A. Jacques Truphémus
"Paysages", exposition hommage
Jacques Truphémus, dont Balthus considérait qu’il était le plus grand peintre français, est décédé en septembre 2017. C’était un peintre-poète, considéré comme un héritier de Bonnard, révélant un monde, une nature qu’on ne sait plus voir et dont il savait extraire la profondeur et le merveilleux.
Chantres de la lumière et de la couleur, ses toiles offrent au regard d’imperceptibles et fascinantes vibrations lumineuses. Ce sont ses paysages et ses scènes de nature qui sont présentés à Chaumont-sur-Loire et qui mieux qu’Yves Bonnefoy pourrait parler de la lumière et de la couleur qui sont au cœur de cette œuvre sensible et envoûtante.
“Préservant un rapport de transparence mutuelle qui peut avoir existé entre des êtres, des choses, de grands aspects du monde, et celui ou celle qui s’en souvient, cette mémoire la plus secrète a pour contenu spécifique une lumière. Celle que produit cette transparence, classification des rapports jusqu’au plus profond des sentiments, des désirs, quand elle remonte vers les lieux, les corps, les visages.

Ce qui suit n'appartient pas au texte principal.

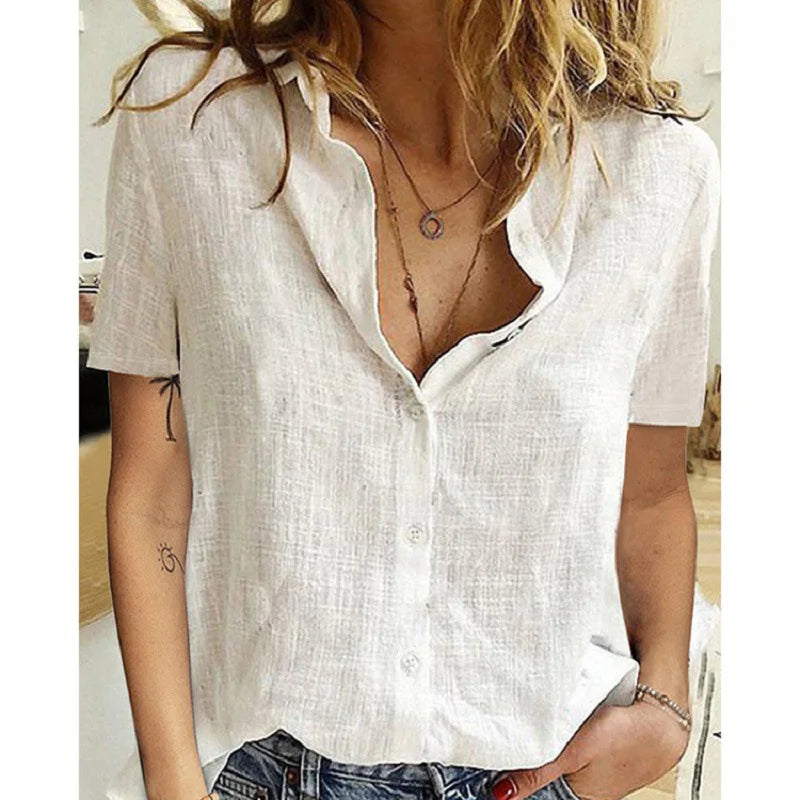 Summer Elegant Harajuku Linen Oversized Shirts Short Sleeve Birds Print Loose Blouses and Tops Casual Oversized Tunic Clothing by Urban Fashion Icon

Et cette lumière du dedans, cet or de la mémoire, cette transmutation opérée par la seule alchimie qui ait raison d’être, cela existe vraiment, et nous pouvons même le vérifier : car c’est là très directement le témoignage de certains peintres, dont les figures sont manifestement traversées par une lumière qui vient moins de l’espace extérieur du monde qu’elle n’est une élaboration de leurs yeux : ce qui prouve qu’ils en ont fait l’expérience dans un passé qu’a préservé leur mémoire.” Y. Bonnefoy
“L’omniprésente lumière est l’aspect le plus remarquable de la peinture de Truphémus. Lumière sans point d’origine, sans souci d’ombres portées, sans exercice des pouvoirs qui seraient les siens dans l’espace, sans heures ni saisons, mais qui, de par leur dedans, semble émaner de toute chose et de tout être.” Y. Bonnefoy
“Autre est la couleur chez Truphémus, parce qu’elle bénéficie de la transmutation que je viens de tenter de dire. […] Légère est la couleur dans beaucoup des toiles de Truphémus, claire comme une voix peut être claire : elle a été délivrée.”

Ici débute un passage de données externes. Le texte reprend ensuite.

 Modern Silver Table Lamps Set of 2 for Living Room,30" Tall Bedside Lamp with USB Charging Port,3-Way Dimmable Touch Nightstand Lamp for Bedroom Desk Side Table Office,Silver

“Plus que d’harmonie dans les couleurs que conjugue Truphémus, j’aimerais parler de leur amitié, de la reconnaissance amicale de chacune par chaque autre, de leur entraide dans la préservation de la plénitude dans l’être au monde, sur quoi quelquefois des soucis pèsent, en bref une connivence que leur proche, le peintre, sait faire s’accroître en elles, sans les brusquer.”
“Ces arbres, cette herbe, cette montagne bleue qui se dresse derrière l’arbre et le pré quand le peintre ouvre le matin telle fenêtre de sa maison, que lui disent-ils, en effet, que confirment-ils ? Que partout sous cette lumière à des heures close sur soi, mais qui a aussi des aubes, des soirs, comme pour laisser la parole au vivre, au fleurir, dans le remuement des abeilles, oui, que partout ici ou ailleurs, hier ou demain, la vie meurt mais aussi reprend avec une évidence qui n’exclut pas de son champ ce peintre demeuré seul.”
“La peinture de Jacques Truphémus atteste la primauté de l’affection qui s’attache aux êtres sur la matière qui semble les trahir. Elle restitue à un grand art menacé – peinture et poésie dans un même regard, un même souffle – l’exigence qui est en fait la garantie de son avenir.”